Statistical NLP on OpenStreetMap. libpostal is ferociously clever: it’s a library for parsing and understanding worldwide addresses, built on top of a machine learning model trained on millions of addresses from OpenStreetMap. Al Barrentine describes how it works in this fascinating and detailed essay.

# 7:33 pm / machine-learning, nlp, openstreetmap

[On Meltdown's impact on hosting costs] The reality is that we have been living with borrowed performance. The new reality is that security is too important and can not be exchanged for speed.
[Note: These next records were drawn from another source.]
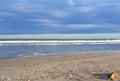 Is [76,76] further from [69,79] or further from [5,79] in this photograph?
[5,79]

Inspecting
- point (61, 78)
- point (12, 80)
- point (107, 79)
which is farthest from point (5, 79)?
point (107, 79)

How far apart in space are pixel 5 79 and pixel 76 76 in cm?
279

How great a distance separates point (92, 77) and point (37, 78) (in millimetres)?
2132

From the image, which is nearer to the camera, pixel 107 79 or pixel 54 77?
pixel 107 79

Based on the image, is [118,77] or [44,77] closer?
[118,77]

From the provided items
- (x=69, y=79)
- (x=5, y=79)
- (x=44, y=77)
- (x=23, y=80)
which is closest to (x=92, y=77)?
(x=69, y=79)

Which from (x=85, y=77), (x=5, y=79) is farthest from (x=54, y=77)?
(x=5, y=79)

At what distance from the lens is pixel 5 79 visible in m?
11.2

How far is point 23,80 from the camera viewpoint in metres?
10.9

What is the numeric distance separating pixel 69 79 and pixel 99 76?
1.26m

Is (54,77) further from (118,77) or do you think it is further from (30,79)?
(118,77)

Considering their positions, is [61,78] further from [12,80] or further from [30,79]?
[12,80]

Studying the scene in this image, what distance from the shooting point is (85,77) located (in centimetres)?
1138

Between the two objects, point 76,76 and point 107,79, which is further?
point 76,76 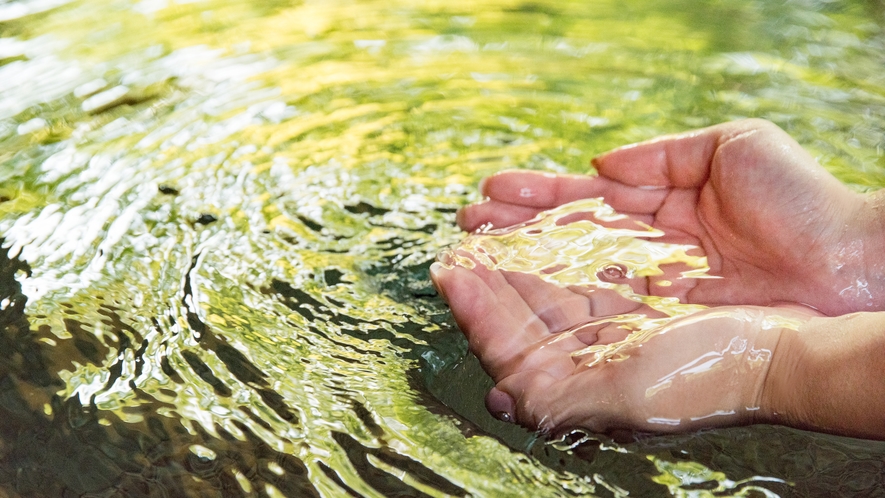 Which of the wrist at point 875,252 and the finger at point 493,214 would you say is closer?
the wrist at point 875,252

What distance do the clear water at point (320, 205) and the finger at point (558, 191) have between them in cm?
18

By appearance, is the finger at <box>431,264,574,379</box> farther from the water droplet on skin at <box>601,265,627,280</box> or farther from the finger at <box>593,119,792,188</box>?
the finger at <box>593,119,792,188</box>

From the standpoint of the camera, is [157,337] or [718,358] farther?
[157,337]

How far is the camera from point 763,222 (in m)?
1.67

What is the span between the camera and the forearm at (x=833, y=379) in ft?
4.25

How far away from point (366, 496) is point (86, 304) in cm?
78

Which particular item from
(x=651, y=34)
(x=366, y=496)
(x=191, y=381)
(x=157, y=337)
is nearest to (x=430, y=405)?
(x=366, y=496)

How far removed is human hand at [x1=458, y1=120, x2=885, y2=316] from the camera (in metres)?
1.62

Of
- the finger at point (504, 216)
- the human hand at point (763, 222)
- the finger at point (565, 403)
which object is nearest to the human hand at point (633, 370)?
the finger at point (565, 403)

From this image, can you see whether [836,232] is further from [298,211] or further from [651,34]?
[651,34]

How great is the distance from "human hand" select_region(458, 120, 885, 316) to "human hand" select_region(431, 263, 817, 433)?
155mm

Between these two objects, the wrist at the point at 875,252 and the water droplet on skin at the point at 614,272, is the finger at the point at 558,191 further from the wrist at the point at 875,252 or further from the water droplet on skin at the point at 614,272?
the wrist at the point at 875,252

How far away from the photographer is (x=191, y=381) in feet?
4.64

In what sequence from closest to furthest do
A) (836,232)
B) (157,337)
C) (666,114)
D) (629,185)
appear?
(157,337), (836,232), (629,185), (666,114) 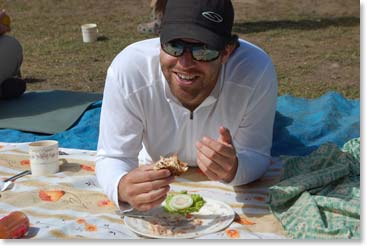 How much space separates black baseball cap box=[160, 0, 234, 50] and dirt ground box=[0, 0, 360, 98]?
3.33m

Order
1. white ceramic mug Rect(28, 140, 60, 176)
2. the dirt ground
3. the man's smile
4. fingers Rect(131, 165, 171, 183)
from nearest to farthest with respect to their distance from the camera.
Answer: fingers Rect(131, 165, 171, 183) < the man's smile < white ceramic mug Rect(28, 140, 60, 176) < the dirt ground

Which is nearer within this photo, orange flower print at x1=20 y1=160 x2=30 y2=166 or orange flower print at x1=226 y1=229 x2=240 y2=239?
orange flower print at x1=226 y1=229 x2=240 y2=239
Time to profile, tune and optimize.

Miguel de Icaza‏

# 7:35 pm / migueldeicaza, security

csvkit. “A suite of command-line tools for converting to and working with CSV”—includes a huge range of utilities for things like converting Excel and JSON to CSV, grepping, sorting and extracting a subset of columns, combining multiple CSV files together and exporting CSV to a relational database. Worth reading through the tutorial which shows how the different commands can be piped together.

# 9:03 pm / csv, datasette

Jan. 9, 2018

ftfy—fix unicode that’s broken in various ways (via) I shipped a small web UI wrapper around the excellent Python FTFY library, which can take broken unicode strings and suggest a sequence of operations that can be applied to get back sensible text.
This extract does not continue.